Senate Minority Leader Mitch McConnell also criticized Reid’s blocking of amendments, even while acknowledging that, years ago, it was Democrats who were criticizing Republicans for doing the same thing.
McConnell said “liberal interest groups have more influence over military personnel policy than the senior enlisted leaders of the Army and Marine Corps.” He said he wanted to amend the bill to enable service chiefs to participate in the bill’s certification process.
The process for implementation of repeal calls for the President, the Secretary of Defense, and the Chairman of the Joint Chiefs of Staff to certify the repeal can be implemented without harming military readiness.
After that, there is a 60-day waiting period during which time Congress could presumably “review” the implementation plan. Legal scholar Nan Hunter said the 60-day period is essentially “just a countdown” period, though “Congress could always re-enter the picture.” But Hunter noted that an effort to undo repeal “obviously” does not have the votes.
Reid, reacting to McConnell’s complaints, smiled and shook his head, and reminded listeners that the Senate has been “stymied, stopped, and stunned by the procedural roadblocks of this Republican minority.”
But McCain essentially conceded defeat during his remarks, saying he believed repeal would pass Saturday and that “there will be high fives all over the liberal bastions around the country.
“But don’t think it won’t be at great cost,” said McCain. “….We are doing great damage.”
Senator Saxby Chambliss (R-Georgia) said it’s “a given” that gays and lesbians serve admirably in the military, but he said allowing them to serve openly now “has the potential for increasing the risk of harm and death to our men and women who are serving in combat today.”
“Should it be done at some point in time?” asked Chambliss. “Maybe so. But in the middle of a military conflict is not the time to do it.”
Senator Lindsey Graham (R-SC) seemed uncomfortable with the couching of repeal in terms of civil rights.
“Some will say this is a civil rights issue of our time, the day has come, we need to move forward as a nation,” said Graham. “The Marine Corps does not have that view.”
Graham, and others, accused Democrats as simply playing politics with both DADT repeal and the DREAM immigration act, trying to pacify specific constituencies.
Senator Dick Durbin (D-Ill.), the majority whip of the Senate, said, referring to both the DREAM Act vote and the DADT repeal bill, “This is our moment in history to show our courage.”

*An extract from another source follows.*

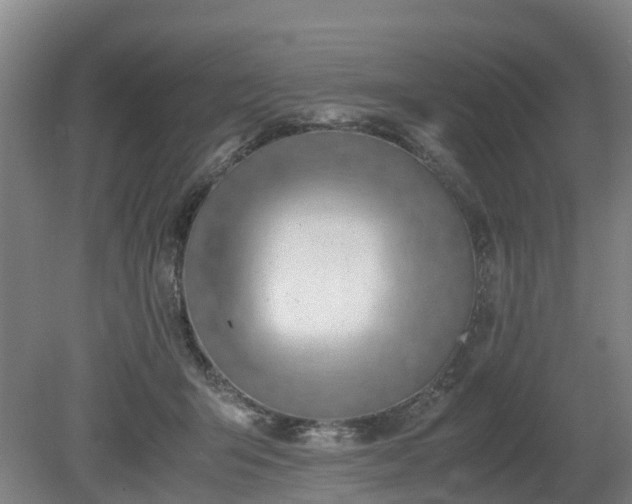 X0000081290415200701181814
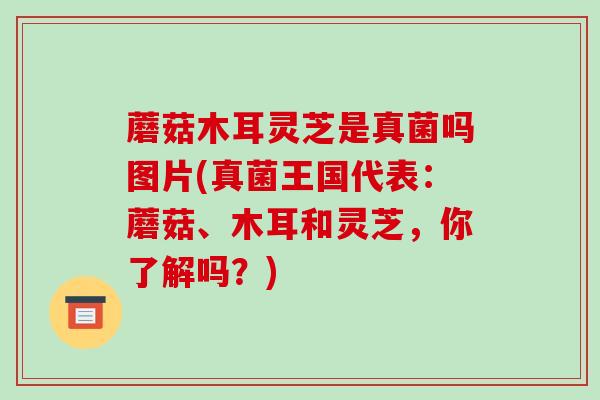 蘑菇木耳灵芝是真菌吗图片(真菌王国代表：蘑菇、木耳和灵芝，你了解吗？)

And Senator Carl Levin (D-Mich.), chairman of the Senate Armed Services Committee, rejected claims that the repeal has come as a political ploy to court gay votes.
“Some have argued that this is social engineering, or this is partisan, even though this change is supported by the overwhelming majorities of the American people. They are grossly mistaken,” said Levin. He reminded the Senate that the first ground-unit casualty of the Iraq war, Staff Sergeant Eric Alva, lost his right leg from a land mine. Captain Jonathan Hopkins, he said, earned three Bronze Stars, “including one for valor in combat.” And yet both were discharged under the DADT policy, said Levin.
“We cannot let these patriots down,” said Levin. “Their suffering should end. It will end with the passage of this bill.”
In his statement, President Obama said he is “absolutely convinced” that repeal will “underscore the professionalism of our troops as the best led and best trained fighting force the world has ever known.”
In a bit of historic irony, the procedural vote was the same as in 1993, when Senator Barbara Boxer (D-California) sought to head off passage of the Don’t Ask, Don’t Tell ban by offering an amendment to delete it from the defense authorization bill to which it had been attached. Boxer’s amendment failed 33 to 63.
Senators who did not vote on the procedural roll call Saturday were Democrat Joe Manchin of West Virginia and three Republicans: Jim Bunning of Kentucky, Judd Gregg of New Hampshire, and Orrin Hatch of Utah. With four senators not voting, the motion would have passed with only 58 votes.